START Records provided

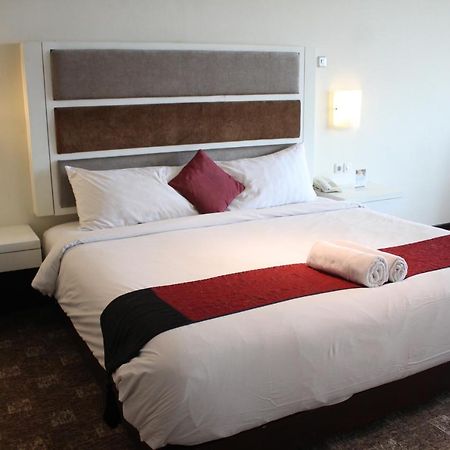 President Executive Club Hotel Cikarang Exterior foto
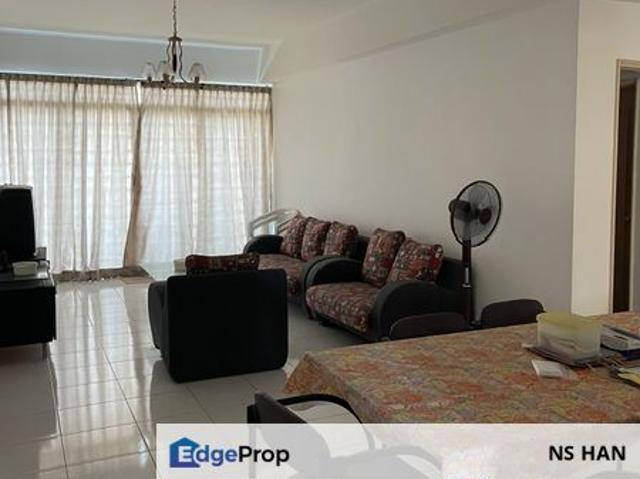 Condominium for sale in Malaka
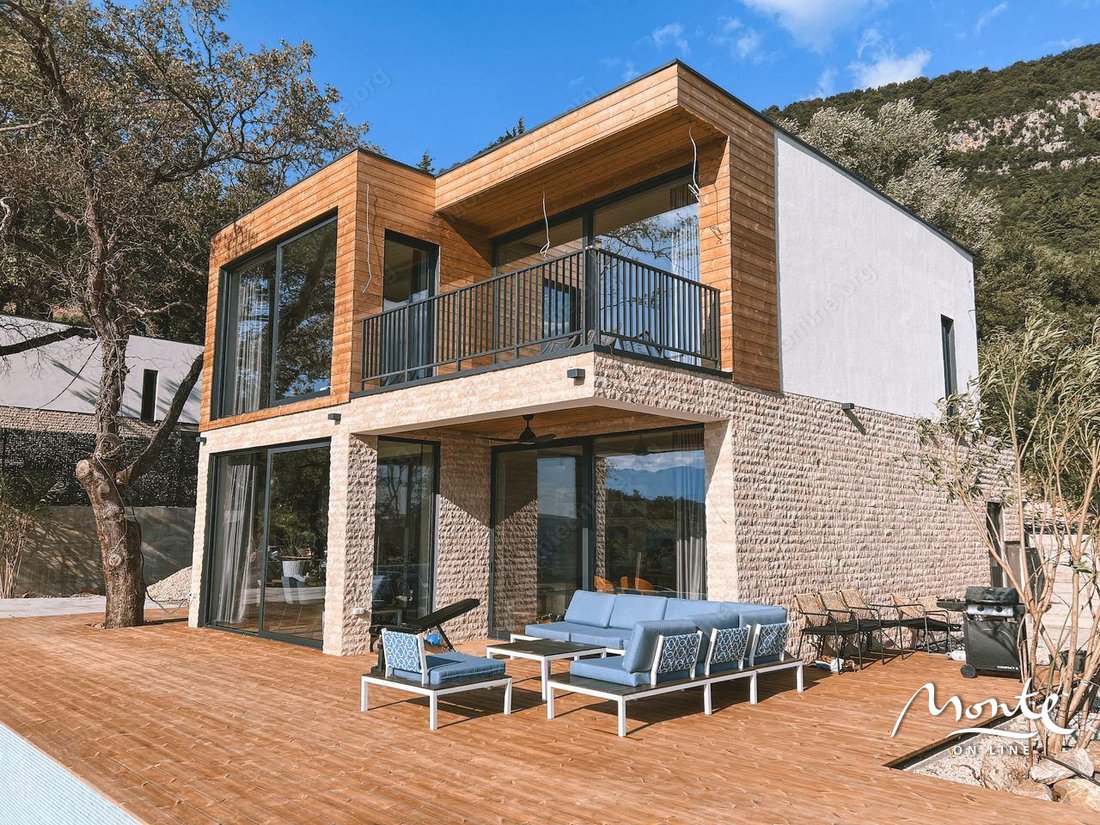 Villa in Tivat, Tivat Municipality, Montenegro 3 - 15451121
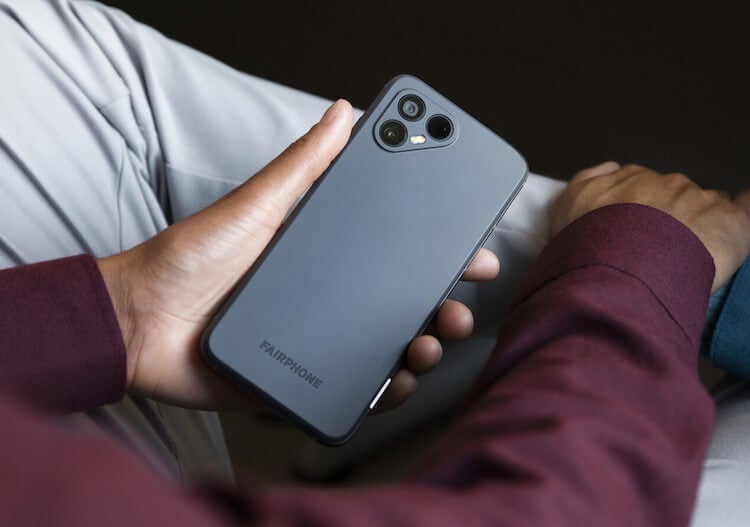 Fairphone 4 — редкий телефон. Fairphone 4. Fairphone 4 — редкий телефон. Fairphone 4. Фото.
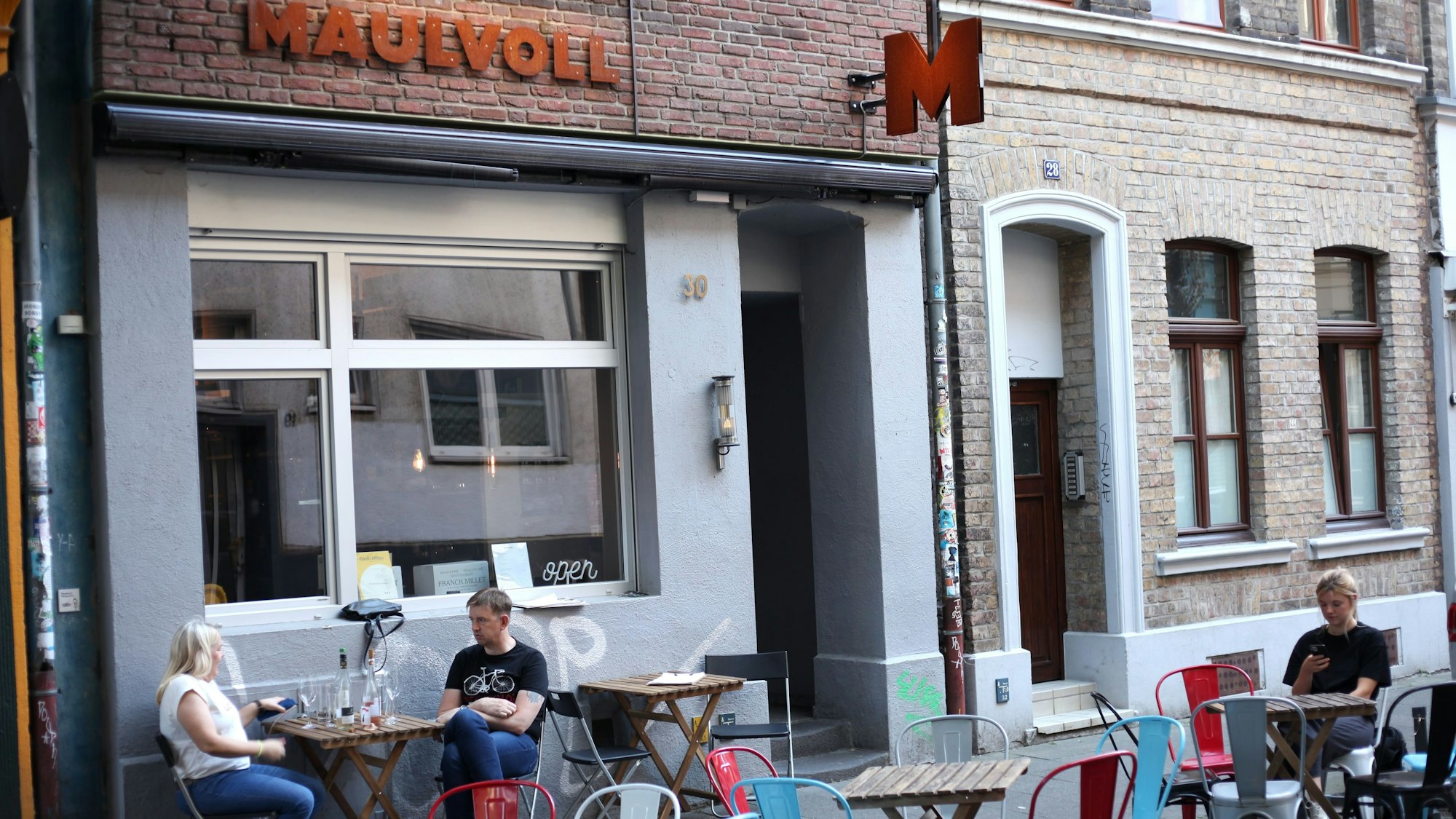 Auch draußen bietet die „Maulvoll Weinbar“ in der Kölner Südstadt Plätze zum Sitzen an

END Records provided

## [Problem details]
Print the full listing exactly, dropping the pictures.

## [Solution for this exercise]
 President Executive Club Hotel Cikarang Exterior foto
 Condominium for sale in Malaka
 Villa in Tivat, Tivat Municipality, Montenegro 3 - 15451121
 Fairphone 4 — редкий телефон. Fairphone 4. Fairphone 4 — редкий телефон. Fairphone 4. Фото.
 Auch draußen bietet die „Maulvoll Weinbar“ in der Kölner Südstadt Plätze zum Sitzen an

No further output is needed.